There wasn’t any way I could complete all ten of these ‘Burbalicious posts without traveling to Parker, D Magazine’s numero uno suburb. I thought finding a restaurant in Parker would be a cinch, you know, given that it beat out Highland Park and Highland Village for the top spot in 2010 and 2012. Piece of cake, right? …wrong. So very wrong.
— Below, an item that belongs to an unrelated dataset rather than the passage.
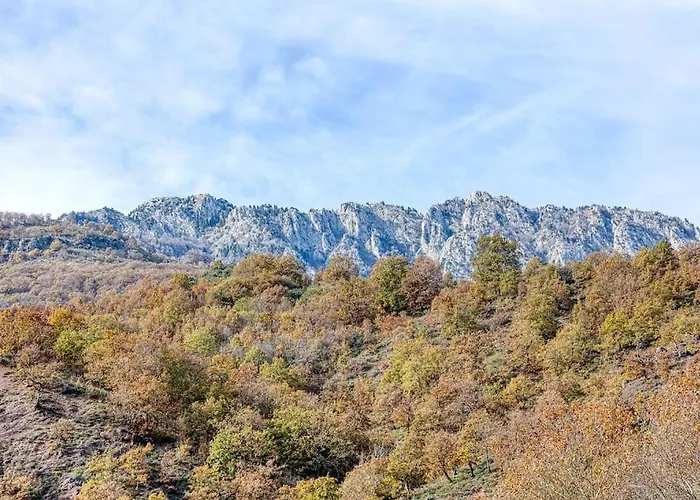 Ntora * Xyloparoikon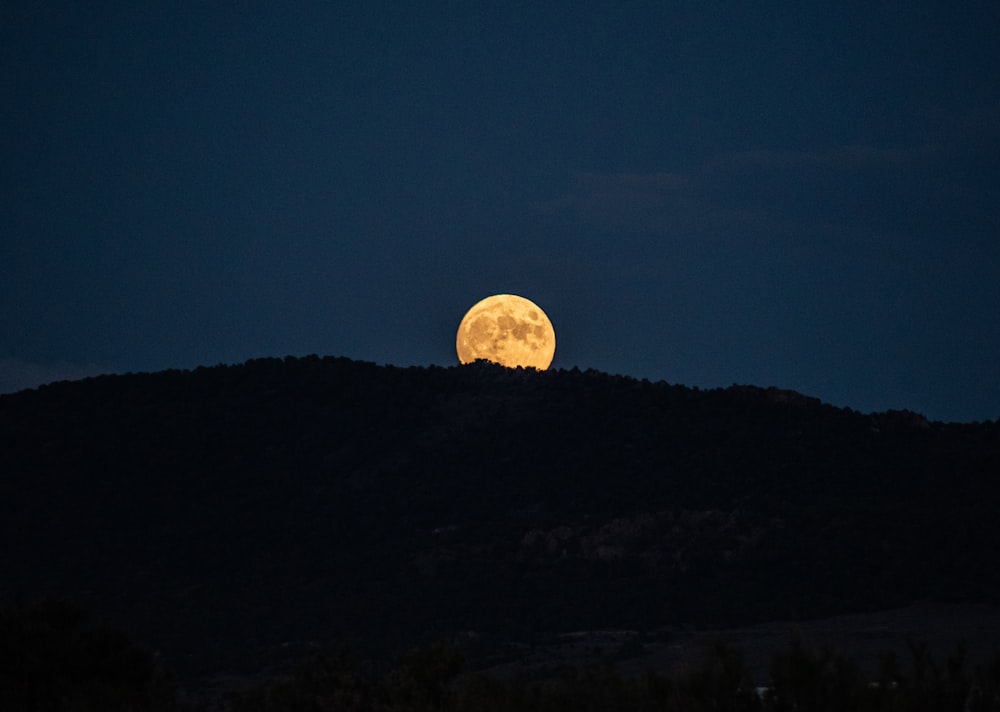 full moon over green trees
By now, all of you probably know that Parker is home to Southfork Ranch, the set of Ewing’s TV show, Dallas, unless you’ve been living under a rock. You’ve probably attended proms or senior banquets at the ranch if you went to high school somewhere close to Plano, awkwardly making your way from your parents’ car to the banquet hall as you teetered in two-inch heels. But Parker isn’t just about Southfork Ranch. It’s also the best Dallas suburb to live in, according to D‘s July issue due to its good neighborly conduct (Violent Crime Rate: 0.000 per 1,000 residents), sweet country feel, and the crisp fresh air. What D’s Parker blurb fails to mention is that this excellent town – all 5.1 square miles of it – has zero commercial properties (besides Southfork) and absolutely nothing to eat except grass. GRASS.
Basically, if Miss Ellie’s Diner is closed (which it was the two times I’d been there this past month) and you’re stuck in Parker, TX with nowhere else to go, either you’d have to kill someone’s cow and increase the violent crime rate to 0.002 per 1,000 residents, or steal some of the cow’s feed in order to survive.
On Saturday, when I decided to put on my Adventure Hat and roam the plains of Parker until I found a place to eat, my dreams were dashed when this guy standing in front of a church solemnly told me, “There’s nothin’ to eat here.” He then pointed me towards Murphy, a place where commercial food actually exists.
The moral of this story: Listen to Google when your search for “restaurants in Parker, TX” doesn’t actually produce any links to restaurants in Parker, TX. Google never fails thee.